Perspectives : Avec ou sans Aziz…



Perspectives : Avec ou sans Aziz…
Depuis deux semaines, la Mauritanie " comme elle va " va très mal. Le risque de déflagration sociale qui menace l’existence même du pays n’a jamais été si grand. Pas même quand le coup d’Etat contre le président Sidi Mohamed Ould Cheikh Abdallahi, en août 2008, avait mobilisé tous les démocrates mauritaniens pour dire non à une " Rectification " qui ne s’imposait pas en réalité.

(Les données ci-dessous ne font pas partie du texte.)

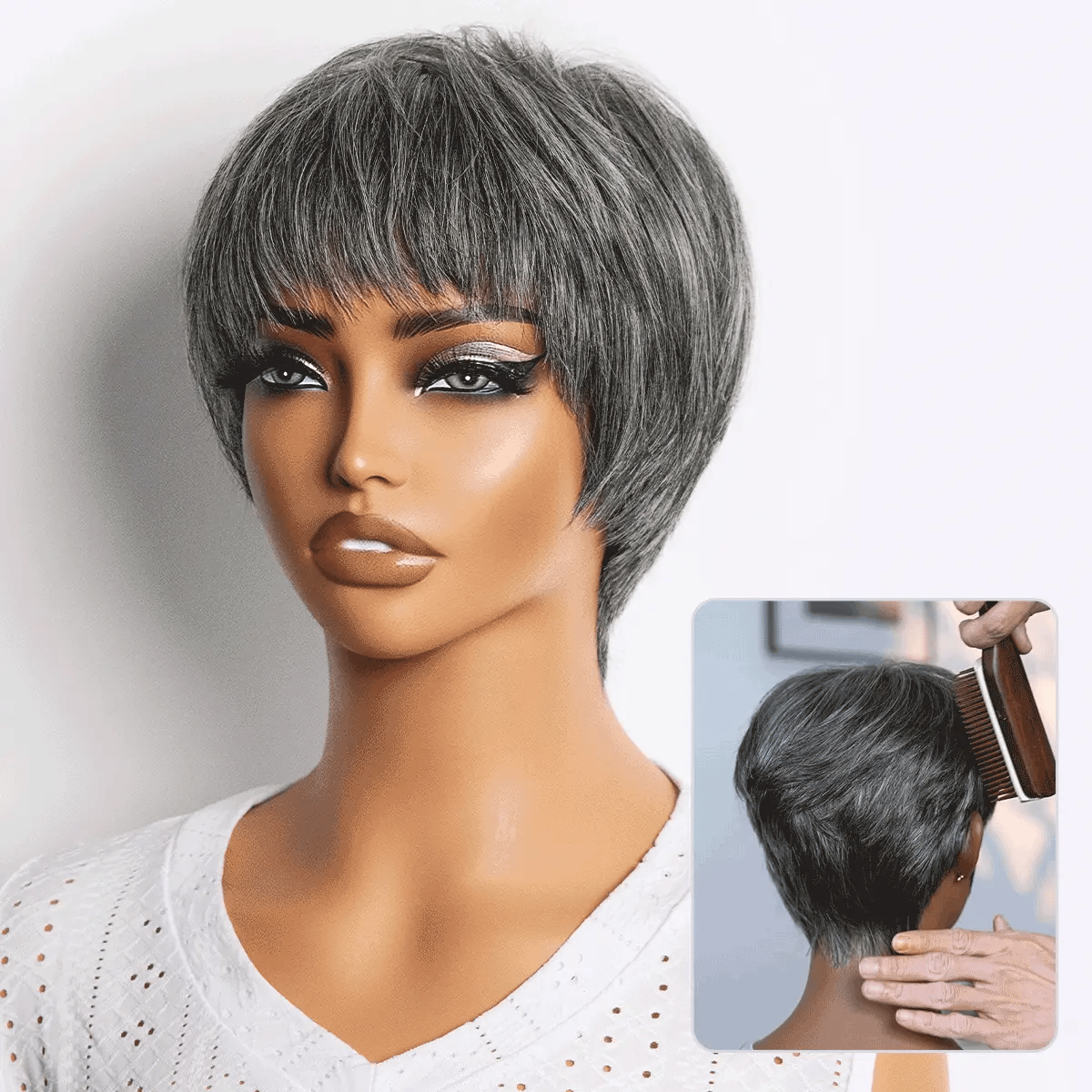 Salt & Pepper Human Hair Pixie Cut Glueless Wig with Bangs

Parce que comme le disent actuellement les partisans du président Aziz, Sidi devait, lui aussi, terminer son quinquennat, malgré tous les reproches qu’on lui faisait. Mais ceci c’est du passé et ce qui préoccupe vraiment les mauritaniens c’est de ne pas voir l’histoire se répéter avec Ould Abdel Aziz dans le rôle de la victime.

C’est d’autant plus vrai que la " vérité " de l’incident de Tweila est de plus en plus mise en doute. Certains se demandent même s’il ne s’agissait pas, véritablement, d’une tentative de coup d’état - qui pourrait bien se poursuivre à l’heure actuelle - avec tout le mystère qui entoure la santé du président, la gestion du pouvoir - par le général Ould Ghasouani ou les membres du Haut conseil de sécurité - la possibilité ou non de mettre fin à un mandat présidentiel dans des conditions d’incapacité physique de plus en plus évoquée.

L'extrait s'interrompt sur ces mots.